I have a Berchet F1 and plan to build a new aluminum frame to handle more powerful motors.

IMG_0068.jpeg

IMG_0104.jpeg


Here is what I have so far in sketchup. The planned improvements are a more rigid frame with battery trays on the side of the driver, adjustable front camber and the ability to mount go kart slicks. I ordered some used Bridgestone slicks that will fit perfectly.
Berchet F1 frame v7.jpg
aluminum frame design in progress


bridgestone slicks.jpg
4.5 x 10.5 fronts and 7.1 x 11.5 rears


I have questions on drivetrain options. Per Toycrusher's suggestion, I ordered 2 1000W scooter motors with gearboxes.

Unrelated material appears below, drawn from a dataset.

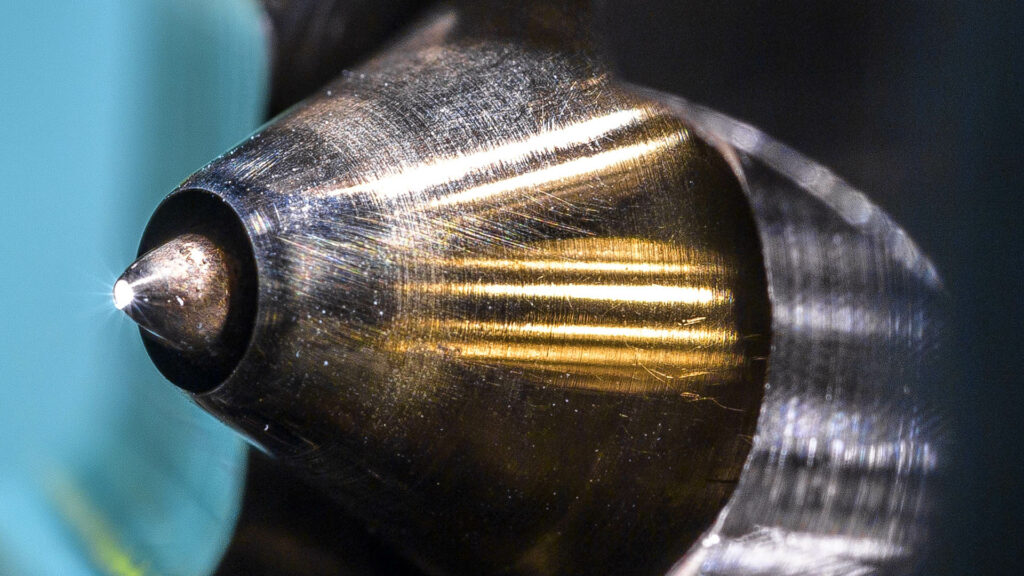 The head of a beamline with light shining at the end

I think I have 4 ways to build the drivetrain.

1000W direct drive motor.png
scooter motor with gearbox


single wheel driver.jpg
1. single direct wheel drive


dual wheel drivers.jpg
2. dual direct wheel drive


quasi live axle.jpg
3. single with quasi live axle


dual connected.jpg
4. dual with quasi live axle



I need some help on which way is the best way to drive this project. I read through all of the dual motor and live axle setup threads but still cannot find an answer. The dual direct drive looks interesting but what if the motor running in reverse is slightly running slower than the other side? Would that be a problem? The connected live axle might cause some issues turning on asphalt. I hope the experts can help point me in the right direction.
Last edited by Gwagon on Mon Oct 09, 2017 8:17 pm, edited 3 times in total.
User avatar
By toycrusher
#135609
Personally, solid axle not worth the handling issues. I wouldn't worry about the difference in power between the two sides, the traction of the tires will more than overcome any slight power differential ;)
By Gwagon
#135613
toycrusher wrote:Personally, solid axle not worth the handling issues. I wouldn't worry about the difference in power between the two sides, the traction of the tires will more than overcome any slight power differential ;)


That sounds good TC.
The motor company is customizing the rotors for me to change the motors from 390RPM to 450RPM at 36V. The speed calculator says using 11" rear tires at 450rpm will yield 15MPH.
Each motor will provide 20.0N.m of torque. What are the pros and cons for using 1 vs 2 motors? Do I need more torque or more run time? The need to carry more batteries for the second motor is also a consideration.
User avatar
By toycrusher
#135614
For a solid axle you could use one motor but independent you definitely need two or one will spin out on take off or corners
User avatar
By Shurik2001
#135641
Gwagon, Judging by your setup it will be an amazing build. I’m very envious of your project.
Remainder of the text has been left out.